In Y. Tagamlitzki's paper [4] an axiomatization for an abstract notion of segment is proposed (a somewhat more restrictive but similar axiomatization has been given earlier in [2]). The main result of [4] is a separation theorem formulated in set-theoretical terms and proved by using Zorn's Lemma. The results published in [4] have been presented earlier in a lecture course held in 1962. An intriguing logical problem arose in one of the lectures when the mentioned separation theorem has been applied to obtain a certain non-trivial corollary expressible without essential use of set-theoretical terminology. The problem was to prove this corollary in a way formalizable in the first-order predicate calculus. A proof of the indicated kind (presented in the ordinary mathematical language) was given by Ivan Prodanov shortly afterwards. In fact, Prodanov established even a stronger result, but the published version of his proof (present in [3]) is restricted to establishing only the mentioned corollary.

At the end of 1983 and the beginning of 1984 Jörg Siekmann and his group in Karlsruhe made attempts to prove the stronger Prodanov's result by using their Markgraf Karl Refutation Procedure (MKRP) [1]. Since the attempts did not succeed, the problem has been decomposed into two other ones - the first one of them was quite easy, but the second one was hard enough (the decomposition has been suggested by the present author on the basis of an analysis of a proof given by Dimiter Vakarelov). In May 1984 MKRP succeeded on both these problems.

An analysis of the solutions produced by MKRP showed that the second of them actually contains a solution of a further strengthening of the corresponding problem. This stronger variant, however, seems to be less difficult for a computer proof search. For example, we succeeded in 1998 to find a computer solution of that variant of the problem by using Prolog in an appropriate way. In the full paper we give the details concerning such an application of Prolog including the text of the corresponding Prolog program and the goal on which it has been executed (the solution has been found in about 40 minutes by a computer having a 133 Mhz CPU and running Dimiter Dobrev's freeware Strawberry Prolog). The idea of the application is to make firstly a straightforward translation of the problem into Prolog without bothering about direct usability of this translation, and then to search for a corresponding derivation in a formal system generating the minimal Herbrand model for the program. The mentioned search is done by restriction of the heights of the considered derivation trees and weakening the restriction until possibly the search succeeds (this kind of search is done by an appropriate modification of the initially constructed program).

In our opinion the above-mentioned variant of the problem could be useful for testing the capabilities of proof search computer programs.

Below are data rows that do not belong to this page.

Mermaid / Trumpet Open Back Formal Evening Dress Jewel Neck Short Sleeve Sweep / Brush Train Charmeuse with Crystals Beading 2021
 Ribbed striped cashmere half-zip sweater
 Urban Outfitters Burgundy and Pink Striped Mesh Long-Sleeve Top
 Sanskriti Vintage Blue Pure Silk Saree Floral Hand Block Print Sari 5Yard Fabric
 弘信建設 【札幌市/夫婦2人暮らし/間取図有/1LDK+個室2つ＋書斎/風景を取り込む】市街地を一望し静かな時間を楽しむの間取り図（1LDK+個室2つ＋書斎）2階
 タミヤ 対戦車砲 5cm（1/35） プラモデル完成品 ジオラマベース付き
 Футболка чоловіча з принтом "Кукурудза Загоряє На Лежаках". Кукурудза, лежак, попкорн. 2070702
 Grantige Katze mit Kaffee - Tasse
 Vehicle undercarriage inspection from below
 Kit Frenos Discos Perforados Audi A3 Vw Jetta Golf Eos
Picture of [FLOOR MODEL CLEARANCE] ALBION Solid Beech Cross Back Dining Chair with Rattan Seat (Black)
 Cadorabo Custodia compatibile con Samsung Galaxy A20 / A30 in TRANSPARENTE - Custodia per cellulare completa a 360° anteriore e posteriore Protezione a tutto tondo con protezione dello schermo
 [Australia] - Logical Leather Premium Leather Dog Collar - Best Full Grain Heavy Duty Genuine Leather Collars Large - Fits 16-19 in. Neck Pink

Addendum (updated on July 7, 2015, and November 11, 2020). The run time mentioned above has been later reduced to less than 5 minutes by running Strawberry Prolog on a computer with an AMD K6-2 300 CPU. On contemporary computers, the run time under SWI Prolog is only several seconds.


1. Ohlbach, H. J. and Siekmann, J. H. The Markgraf Karl Refutation Procedure. In: Computational Logic, Essays in Honor of Alan Robinson, MIT Press, 1991 (ed. J. L. Lassez and G. Plotkin), 41-112.

2. Prenowitz, W. A contemporary approach to classical geometry. Amer. Math. Monthly, 68 (1961), No. 1, part II, vi+67pp.

3. Prodanov, I. Zweifachassoziative Räume. Annuaire de l'Univ. de Sofia, Fac. de Math., 57 (1964), 393-422 (Bulgarian. German summary).

4. Tagamlitzki, Y. Über die Trennbarkeitsbedingungen in den abelschen assoziativen Räumen. Acad. des Sci. de Bulgarie, Bull. de l'Inst. de Math., 7 (1963), 169-183 (Bulgarian. Russian and German summaries).